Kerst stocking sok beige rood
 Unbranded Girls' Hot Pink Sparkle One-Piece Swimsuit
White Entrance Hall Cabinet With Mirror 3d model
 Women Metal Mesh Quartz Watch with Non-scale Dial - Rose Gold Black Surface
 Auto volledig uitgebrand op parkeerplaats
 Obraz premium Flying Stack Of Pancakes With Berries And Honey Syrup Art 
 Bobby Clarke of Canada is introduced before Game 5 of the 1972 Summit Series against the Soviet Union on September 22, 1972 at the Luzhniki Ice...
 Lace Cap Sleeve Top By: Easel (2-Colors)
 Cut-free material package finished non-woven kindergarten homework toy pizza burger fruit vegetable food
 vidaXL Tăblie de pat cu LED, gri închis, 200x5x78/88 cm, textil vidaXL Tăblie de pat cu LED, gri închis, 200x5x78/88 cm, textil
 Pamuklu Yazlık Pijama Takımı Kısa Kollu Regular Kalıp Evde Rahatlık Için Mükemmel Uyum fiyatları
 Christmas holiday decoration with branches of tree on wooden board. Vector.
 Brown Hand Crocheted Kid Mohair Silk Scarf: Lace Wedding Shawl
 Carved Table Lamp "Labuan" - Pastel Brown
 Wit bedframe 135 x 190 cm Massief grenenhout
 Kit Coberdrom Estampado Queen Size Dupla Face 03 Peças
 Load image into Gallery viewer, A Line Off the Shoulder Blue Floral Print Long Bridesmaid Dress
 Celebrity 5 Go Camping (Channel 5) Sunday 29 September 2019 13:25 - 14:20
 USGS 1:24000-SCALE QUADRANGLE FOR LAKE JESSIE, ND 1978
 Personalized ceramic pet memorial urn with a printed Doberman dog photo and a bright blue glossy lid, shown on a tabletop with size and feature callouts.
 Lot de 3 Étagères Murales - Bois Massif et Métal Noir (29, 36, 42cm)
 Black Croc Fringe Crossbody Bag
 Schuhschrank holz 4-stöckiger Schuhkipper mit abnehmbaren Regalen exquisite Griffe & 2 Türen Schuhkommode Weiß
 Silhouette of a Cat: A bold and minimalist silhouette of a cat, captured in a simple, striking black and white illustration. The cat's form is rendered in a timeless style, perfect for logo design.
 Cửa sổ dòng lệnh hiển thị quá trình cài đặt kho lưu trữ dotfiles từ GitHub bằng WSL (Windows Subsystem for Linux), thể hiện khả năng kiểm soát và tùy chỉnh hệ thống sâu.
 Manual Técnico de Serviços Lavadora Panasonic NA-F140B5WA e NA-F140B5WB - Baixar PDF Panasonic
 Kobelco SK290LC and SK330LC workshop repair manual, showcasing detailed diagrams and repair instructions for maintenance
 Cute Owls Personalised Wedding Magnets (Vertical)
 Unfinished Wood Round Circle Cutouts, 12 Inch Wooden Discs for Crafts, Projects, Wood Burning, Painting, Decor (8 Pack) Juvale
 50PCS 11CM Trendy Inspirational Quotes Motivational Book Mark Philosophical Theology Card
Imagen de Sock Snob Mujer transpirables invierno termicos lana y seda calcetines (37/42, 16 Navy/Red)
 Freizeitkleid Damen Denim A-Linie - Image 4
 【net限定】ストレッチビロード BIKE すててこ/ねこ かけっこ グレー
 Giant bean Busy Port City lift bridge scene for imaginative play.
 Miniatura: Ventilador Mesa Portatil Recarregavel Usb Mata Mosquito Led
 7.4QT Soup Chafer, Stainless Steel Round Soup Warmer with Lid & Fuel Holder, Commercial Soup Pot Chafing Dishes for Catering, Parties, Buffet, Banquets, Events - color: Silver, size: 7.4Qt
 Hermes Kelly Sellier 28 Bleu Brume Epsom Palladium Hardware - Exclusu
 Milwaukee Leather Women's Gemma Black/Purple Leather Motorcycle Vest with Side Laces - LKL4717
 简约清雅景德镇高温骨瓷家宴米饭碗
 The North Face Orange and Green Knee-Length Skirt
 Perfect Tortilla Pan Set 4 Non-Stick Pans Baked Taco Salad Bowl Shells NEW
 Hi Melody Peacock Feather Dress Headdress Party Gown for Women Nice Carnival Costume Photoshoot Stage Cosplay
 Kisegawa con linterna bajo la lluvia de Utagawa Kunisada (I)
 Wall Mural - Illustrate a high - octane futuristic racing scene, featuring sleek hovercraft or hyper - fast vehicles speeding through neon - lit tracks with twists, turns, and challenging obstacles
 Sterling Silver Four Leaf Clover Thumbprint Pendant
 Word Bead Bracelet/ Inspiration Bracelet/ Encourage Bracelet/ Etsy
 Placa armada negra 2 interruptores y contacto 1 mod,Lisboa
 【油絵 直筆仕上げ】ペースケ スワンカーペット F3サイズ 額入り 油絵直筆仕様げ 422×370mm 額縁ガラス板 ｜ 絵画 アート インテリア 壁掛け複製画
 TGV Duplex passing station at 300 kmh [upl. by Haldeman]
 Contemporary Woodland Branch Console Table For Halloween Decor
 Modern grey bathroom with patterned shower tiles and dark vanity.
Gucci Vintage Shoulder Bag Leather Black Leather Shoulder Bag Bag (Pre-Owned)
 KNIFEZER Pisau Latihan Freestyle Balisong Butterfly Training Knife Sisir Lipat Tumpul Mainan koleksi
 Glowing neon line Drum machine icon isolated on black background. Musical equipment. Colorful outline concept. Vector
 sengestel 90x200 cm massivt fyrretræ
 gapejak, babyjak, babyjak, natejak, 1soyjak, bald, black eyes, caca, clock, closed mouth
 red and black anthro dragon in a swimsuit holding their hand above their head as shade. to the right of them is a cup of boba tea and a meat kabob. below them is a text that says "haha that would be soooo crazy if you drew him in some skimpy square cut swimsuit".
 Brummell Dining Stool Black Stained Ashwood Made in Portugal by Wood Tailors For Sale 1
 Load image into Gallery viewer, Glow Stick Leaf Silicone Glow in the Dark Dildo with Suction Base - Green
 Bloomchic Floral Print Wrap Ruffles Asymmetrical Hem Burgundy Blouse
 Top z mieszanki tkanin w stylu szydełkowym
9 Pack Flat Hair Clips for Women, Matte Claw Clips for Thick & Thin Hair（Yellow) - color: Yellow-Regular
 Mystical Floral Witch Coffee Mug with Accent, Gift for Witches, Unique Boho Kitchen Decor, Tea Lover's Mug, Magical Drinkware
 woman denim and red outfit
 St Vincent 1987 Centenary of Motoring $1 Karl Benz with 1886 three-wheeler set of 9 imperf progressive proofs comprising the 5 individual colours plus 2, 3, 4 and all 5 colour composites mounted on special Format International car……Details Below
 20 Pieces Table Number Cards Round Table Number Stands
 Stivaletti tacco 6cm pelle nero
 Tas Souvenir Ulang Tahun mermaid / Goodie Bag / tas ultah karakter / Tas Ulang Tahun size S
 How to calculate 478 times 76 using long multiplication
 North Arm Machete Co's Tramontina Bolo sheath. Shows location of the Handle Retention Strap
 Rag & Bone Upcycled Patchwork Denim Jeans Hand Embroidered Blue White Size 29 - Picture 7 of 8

::::::::::

Print every line of the listing shown above, exactly.

Kerst stocking sok beige rood
 Unbranded Girls' Hot Pink Sparkle One-Piece Swimsuit
White Entrance Hall Cabinet With Mirror 3d model
 Women Metal Mesh Quartz Watch with Non-scale Dial - Rose Gold Black Surface
 Auto volledig uitgebrand op parkeerplaats
 Obraz premium Flying Stack Of Pancakes With Berries And Honey Syrup Art 
 Bobby Clarke of Canada is introduced before Game 5 of the 1972 Summit Series against the Soviet Union on September 22, 1972 at the Luzhniki Ice...
 Lace Cap Sleeve Top By: Easel (2-Colors)
 Cut-free material package finished non-woven kindergarten homework toy pizza burger fruit vegetable food
 vidaXL Tăblie de pat cu LED, gri închis, 200x5x78/88 cm, textil vidaXL Tăblie de pat cu LED, gri închis, 200x5x78/88 cm, textil
 Pamuklu Yazlık Pijama Takımı Kısa Kollu Regular Kalıp Evde Rahatlık Için Mükemmel Uyum fiyatları
 Christmas holiday decoration with branches of tree on wooden board. Vector.
 Brown Hand Crocheted Kid Mohair Silk Scarf: Lace Wedding Shawl
 Carved Table Lamp "Labuan" - Pastel Brown
 Wit bedframe 135 x 190 cm Massief grenenhout
 Kit Coberdrom Estampado Queen Size Dupla Face 03 Peças
 Load image into Gallery viewer, A Line Off the Shoulder Blue Floral Print Long Bridesmaid Dress
 Celebrity 5 Go Camping (Channel 5) Sunday 29 September 2019 13:25 - 14:20
 USGS 1:24000-SCALE QUADRANGLE FOR LAKE JESSIE, ND 1978
 Personalized ceramic pet memorial urn with a printed Doberman dog photo and a bright blue glossy lid, shown on a tabletop with size and feature callouts.
 Lot de 3 Étagères Murales - Bois Massif et Métal Noir (29, 36, 42cm)
 Black Croc Fringe Crossbody Bag
 Schuhschrank holz 4-stöckiger Schuhkipper mit abnehmbaren Regalen exquisite Griffe & 2 Türen Schuhkommode Weiß
 Silhouette of a Cat: A bold and minimalist silhouette of a cat, captured in a simple, striking black and white illustration. The cat's form is rendered in a timeless style, perfect for logo design.
 Cửa sổ dòng lệnh hiển thị quá trình cài đặt kho lưu trữ dotfiles từ GitHub bằng WSL (Windows Subsystem for Linux), thể hiện khả năng kiểm soát và tùy chỉnh hệ thống sâu.
 Manual Técnico de Serviços Lavadora Panasonic NA-F140B5WA e NA-F140B5WB - Baixar PDF Panasonic
 Kobelco SK290LC and SK330LC workshop repair manual, showcasing detailed diagrams and repair instructions for maintenance
 Cute Owls Personalised Wedding Magnets (Vertical)
 Unfinished Wood Round Circle Cutouts, 12 Inch Wooden Discs for Crafts, Projects, Wood Burning, Painting, Decor (8 Pack) Juvale
 50PCS 11CM Trendy Inspirational Quotes Motivational Book Mark Philosophical Theology Card
Imagen de Sock Snob Mujer transpirables invierno termicos lana y seda calcetines (37/42, 16 Navy/Red)
 Freizeitkleid Damen Denim A-Linie - Image 4
 【net限定】ストレッチビロード BIKE すててこ/ねこ かけっこ グレー
 Giant bean Busy Port City lift bridge scene for imaginative play.
 Miniatura: Ventilador Mesa Portatil Recarregavel Usb Mata Mosquito Led
 7.4QT Soup Chafer, Stainless Steel Round Soup Warmer with Lid & Fuel Holder, Commercial Soup Pot Chafing Dishes for Catering, Parties, Buffet, Banquets, Events - color: Silver, size: 7.4Qt
 Hermes Kelly Sellier 28 Bleu Brume Epsom Palladium Hardware - Exclusu
 Milwaukee Leather Women's Gemma Black/Purple Leather Motorcycle Vest with Side Laces - LKL4717
 简约清雅景德镇高温骨瓷家宴米饭碗
 The North Face Orange and Green Knee-Length Skirt
 Perfect Tortilla Pan Set 4 Non-Stick Pans Baked Taco Salad Bowl Shells NEW
 Hi Melody Peacock Feather Dress Headdress Party Gown for Women Nice Carnival Costume Photoshoot Stage Cosplay
 Kisegawa con linterna bajo la lluvia de Utagawa Kunisada (I)
 Wall Mural - Illustrate a high - octane futuristic racing scene, featuring sleek hovercraft or hyper - fast vehicles speeding through neon - lit tracks with twists, turns, and challenging obstacles
 Sterling Silver Four Leaf Clover Thumbprint Pendant
 Word Bead Bracelet/ Inspiration Bracelet/ Encourage Bracelet/ Etsy
 Placa armada negra 2 interruptores y contacto 1 mod,Lisboa
 【油絵 直筆仕上げ】ペースケ スワンカーペット F3サイズ 額入り 油絵直筆仕様げ 422×370mm 額縁ガラス板 ｜ 絵画 アート インテリア 壁掛け複製画
 TGV Duplex passing station at 300 kmh [upl. by Haldeman]
 Contemporary Woodland Branch Console Table For Halloween Decor
 Modern grey bathroom with patterned shower tiles and dark vanity.
Gucci Vintage Shoulder Bag Leather Black Leather Shoulder Bag Bag (Pre-Owned)
 KNIFEZER Pisau Latihan Freestyle Balisong Butterfly Training Knife Sisir Lipat Tumpul Mainan koleksi
 Glowing neon line Drum machine icon isolated on black background. Musical equipment. Colorful outline concept. Vector
 sengestel 90x200 cm massivt fyrretræ
 gapejak, babyjak, babyjak, natejak, 1soyjak, bald, black eyes, caca, clock, closed mouth
 red and black anthro dragon in a swimsuit holding their hand above their head as shade. to the right of them is a cup of boba tea and a meat kabob. below them is a text that says "haha that would be soooo crazy if you drew him in some skimpy square cut swimsuit".
 Brummell Dining Stool Black Stained Ashwood Made in Portugal by Wood Tailors For Sale 1
 Load image into Gallery viewer, Glow Stick Leaf Silicone Glow in the Dark Dildo with Suction Base - Green
 Bloomchic Floral Print Wrap Ruffles Asymmetrical Hem Burgundy Blouse
 Top z mieszanki tkanin w stylu szydełkowym
9 Pack Flat Hair Clips for Women, Matte Claw Clips for Thick & Thin Hair（Yellow) - color: Yellow-Regular
 Mystical Floral Witch Coffee Mug with Accent, Gift for Witches, Unique Boho Kitchen Decor, Tea Lover's Mug, Magical Drinkware
 woman denim and red outfit
 St Vincent 1987 Centenary of Motoring $1 Karl Benz with 1886 three-wheeler set of 9 imperf progressive proofs comprising the 5 individual colours plus 2, 3, 4 and all 5 colour composites mounted on special Format International car……Details Below
 20 Pieces Table Number Cards Round Table Number Stands
 Stivaletti tacco 6cm pelle nero
 Tas Souvenir Ulang Tahun mermaid / Goodie Bag / tas ultah karakter / Tas Ulang Tahun size S
 How to calculate 478 times 76 using long multiplication
 North Arm Machete Co's Tramontina Bolo sheath. Shows location of the Handle Retention Strap
 Rag & Bone Upcycled Patchwork Denim Jeans Hand Embroidered Blue White Size 29 - Picture 7 of 8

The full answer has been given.